"Altitudes and Extensions: 1980 "1984" were the last poems published during Robert Penn Warren's lifetime. Regretfully, I did not find as many poems I liked in this section as in those published during the 60's and 70's, but perhaps that is merely because I have been reading so much Warren lately, 584 pages so far, with another thirty to forty pages to go today and tomorrow. I'm afraid it's difficult to read that many pages in a row without becoming somewhat jaded.
Truthfully, though, I'm looking forward to starting Stanley Kunitz's Collected Poems next week. Hopefully it won't drag out nearly as long as it took me to finish Warren's poems. Luckily, I'm not planning another move in the midst of this book.
That caveat delivered, my favorite poem in this section was:
I saw the hawk ride updraft in the sunset over Wyoming.

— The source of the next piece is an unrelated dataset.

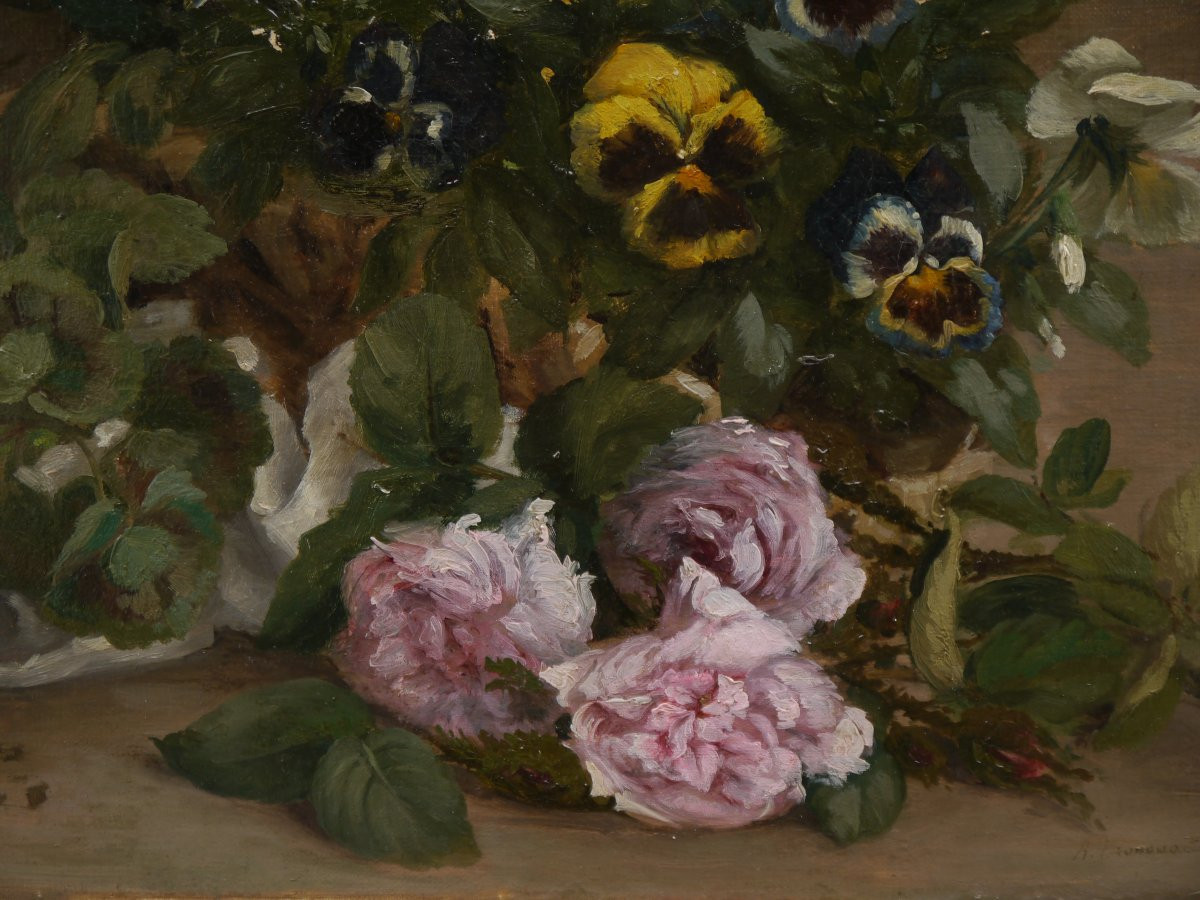 Grande composition florale aux capucines 1882. Jean Baptiste Adolphe BRONQUART (XIX)-photo-6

It rose from coniferous darkness, past gray jags
Of mercilessness, past whiteness, into the gloaming
Of dream-spectral light above the last purity of snow-snags.
There " west -- were the Tetons. Snow-peaks would soon be
In dark profile to break constellations. Beyond what height
Hangs now the black speck? Beyond what range will gold eyes see
New ranges rise to mark a last scrawl of light?

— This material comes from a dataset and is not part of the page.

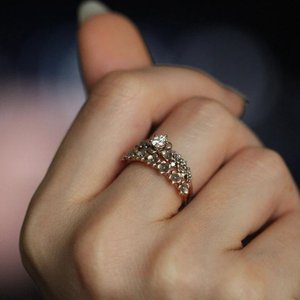 Ensemble de bagues de mariée en argent sterling 925 avec zircon rond élégant pour femmes - Product Image 1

Or, having tasted that atmosphere's thinness, does it
Hang motionless in dying vision before
It knows it will accept the mortal limit,
And swing into the great circular downwardness that will restore
The breath of earth? Of rock? Of rot? Of other such
Items, and the darkness of whatever dream we clutch?
Perhaps I like this poem because the hawk is a reoccurring image in Warren's poems, perhaps because the poem in many ways serves as a summary of Warren's vision.

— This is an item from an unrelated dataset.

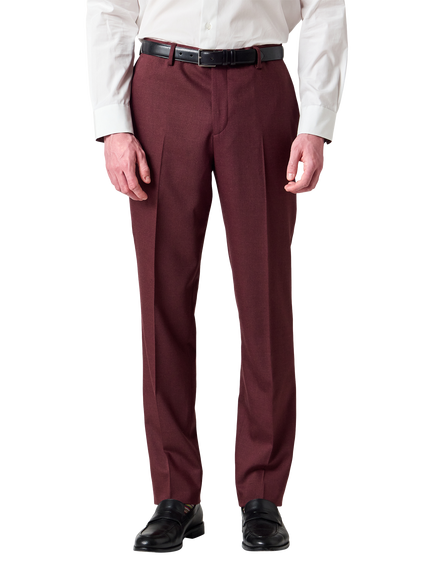PS Paul Smith Tailored Fit Twill Flannel Wool Rich Suit Trousers, Burgundy/Borde, Burgundy/ Borde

Even in these last poems there are images of transcendence, of hope:
Since my idiot childhood the world has been
Trying to tell me something. There is something
Hidden in the dark. The bear
Was trying to enter the darkness of wisdom.
and in describing a sighting of a bull elk:
" I had never seen
A bull wapiti, wild before " the
Great head lifted in philosophic
God's own sky.
Invariably, though, these images are balanced against images of despair and doubt.
"Mortal Limit" with its image of the hawk appearing to soar higher than the Tetons themselves seems to describe Warren's aspirations. The human soul must have such aspirations if it is to truly soar. In the end, though, the poet cannot escape the conclusion that even the hawk must accept "the mortal limit," that in end we must all accept the "downwardness" that inevitably brings "rot," and "the darkness of whatever dream we clutch."